| Input data |
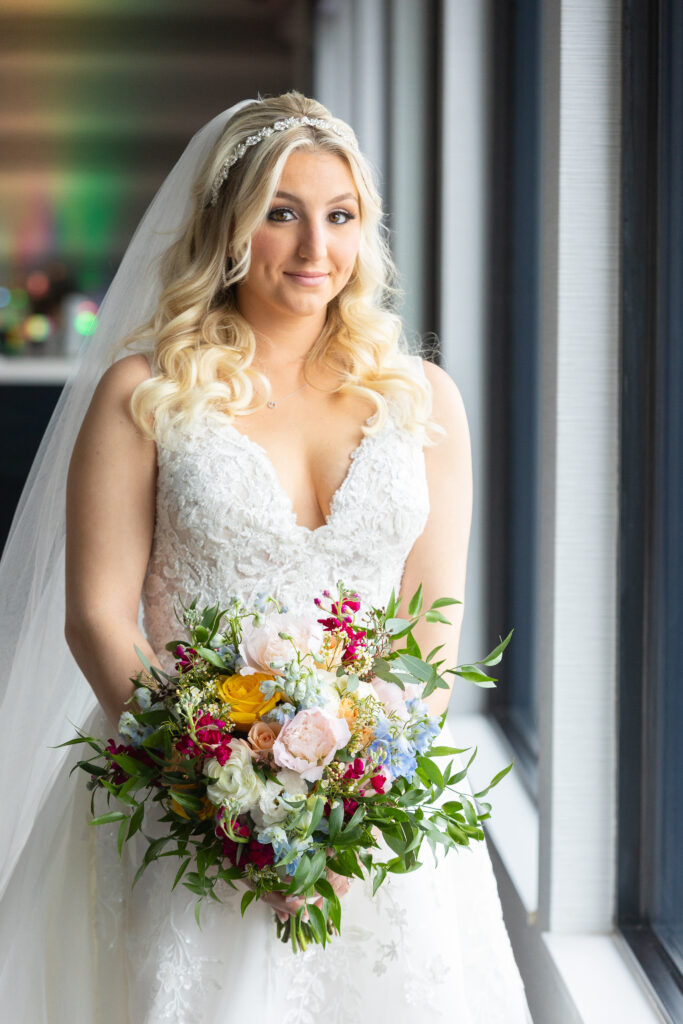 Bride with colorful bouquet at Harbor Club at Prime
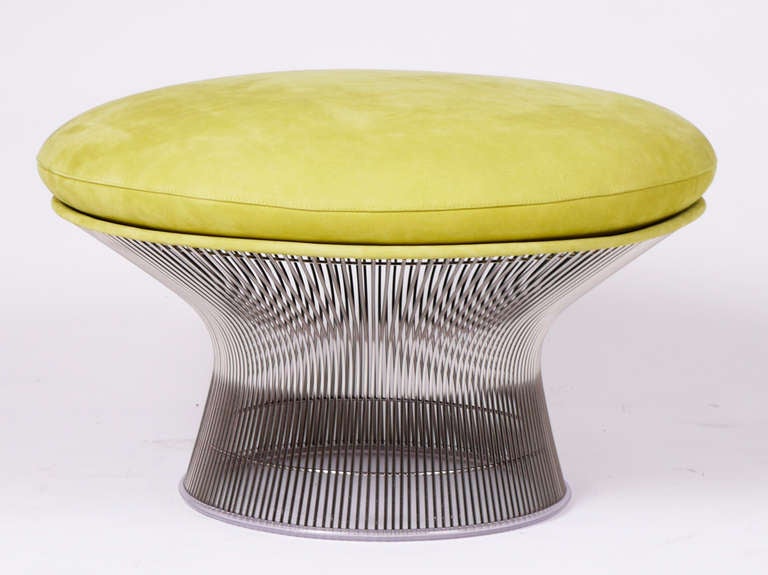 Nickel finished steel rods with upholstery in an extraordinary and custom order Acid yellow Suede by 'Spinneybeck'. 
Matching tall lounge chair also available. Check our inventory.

--

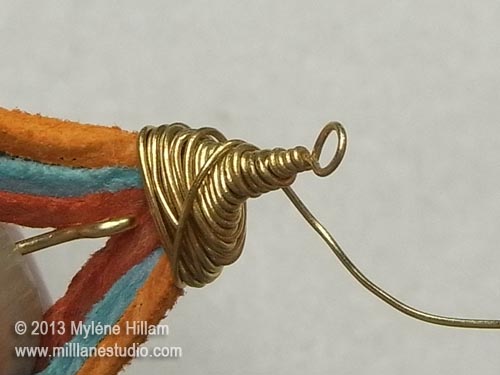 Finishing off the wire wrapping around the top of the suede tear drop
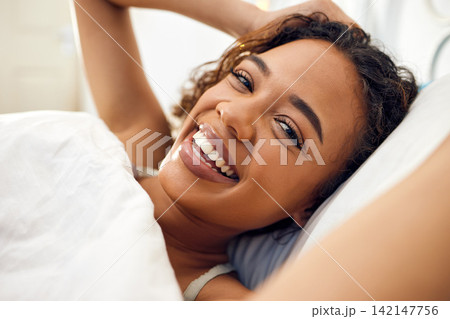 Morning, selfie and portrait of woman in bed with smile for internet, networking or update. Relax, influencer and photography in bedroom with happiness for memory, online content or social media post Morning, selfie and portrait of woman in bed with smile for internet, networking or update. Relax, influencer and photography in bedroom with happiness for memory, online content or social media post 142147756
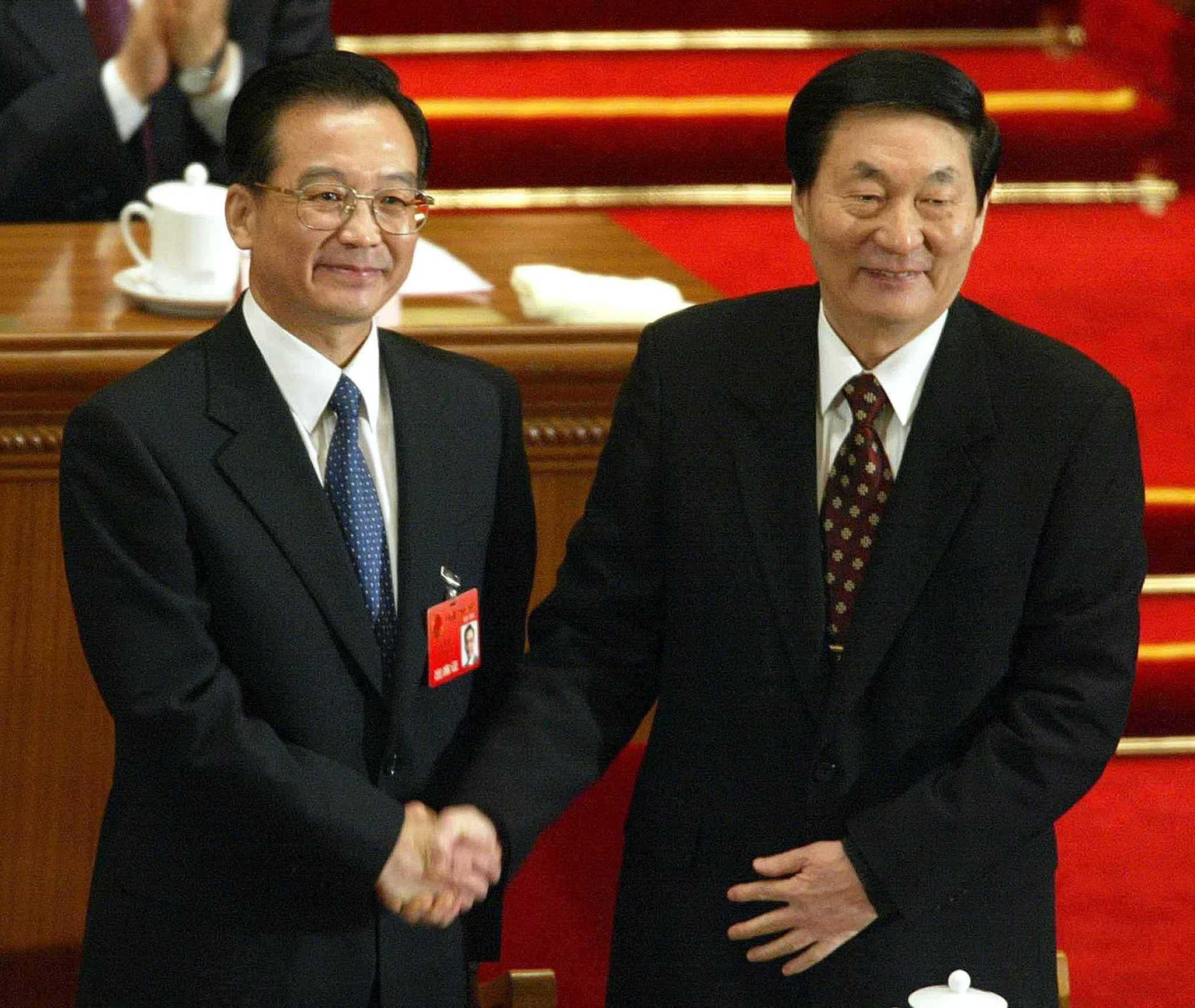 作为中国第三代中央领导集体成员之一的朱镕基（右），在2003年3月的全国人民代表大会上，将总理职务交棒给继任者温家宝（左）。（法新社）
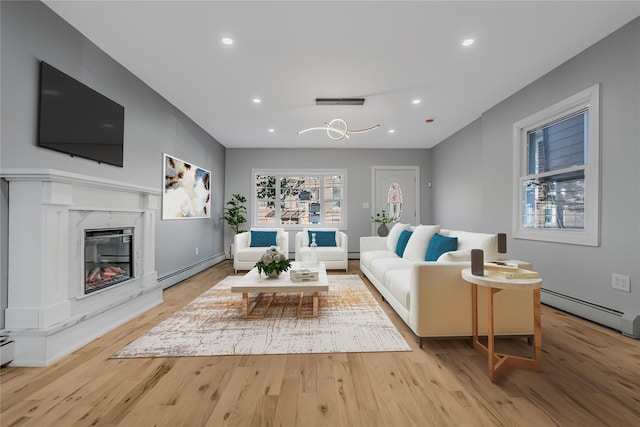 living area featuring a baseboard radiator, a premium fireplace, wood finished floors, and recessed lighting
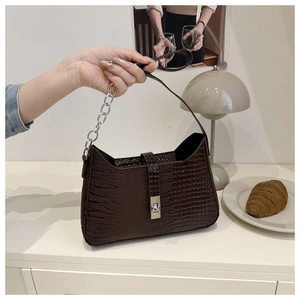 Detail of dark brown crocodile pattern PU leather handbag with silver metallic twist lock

| Directions for this task |
Among the entries above, find the line with "Bride with colorful" and repeat exactly from there through the line with "Matching tall lounge", leaving out the pictures.

| Solved exercise |
 Bride with colorful bouquet at Harbor Club at Prime
 Nickel finished steel rods with upholstery in an extraordinary and custom order Acid yellow Suede by 'Spinneybeck'. 
Matching tall lounge chair also available. Check our inventory.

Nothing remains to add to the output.